[Jacqueline and her carrier pigeons in the procession]
[Gysbert draws the portrait of Alonzo De Rova]
[Dirk Willumhoog seizes Jacqueline]

[ON HENGIST HILL]


CHAPTER I

ON HENGIST HILL

The hush of a golden May afternoon lay on the peaceful, watery streets of Leyden. Just enough breeze circulated to rustle the leaves of the poplars, limes and willows that arched the shaded canals. The city drowsed in its afternoon siesta, and few were about to notice the boy and girl making their way rapidly toward the middle of the town. Directly before them, the canal-interlaced streets and stone bridges gave place to a steep incline of ground rising to a considerable height. Its sides were clothed with groves of fruit trees, and from its summit frowned the mouldering walls of some long-forsaken fortress. So old and deserted was this tower that a great clump of oak trees had grown up inside of it, and overtopped its walls.

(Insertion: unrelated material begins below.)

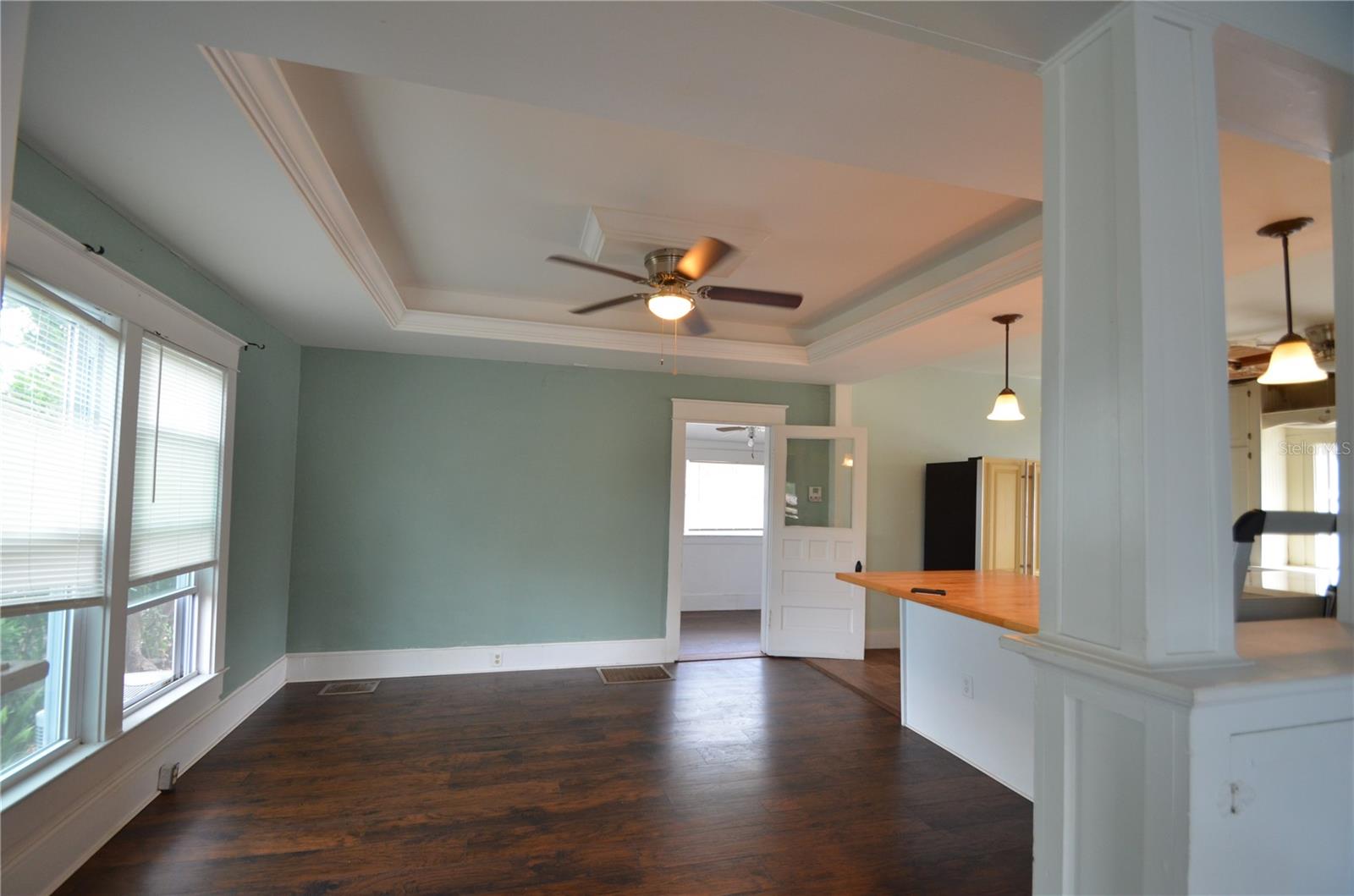 Listing photo id 5 for 214 Whidden Street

"Art thou tired, Gysbert?" asked the girl, a slim, golden-haired lass of seventeen, of her younger brother, a boy of little over fourteen years.

"No, Jacqueline, I am strong! A burden of this sort does not weary me!" answered the boy, and he stoutly took a fresh grip on some large, box-like object wrapped in a dark shawl, that they carried between them.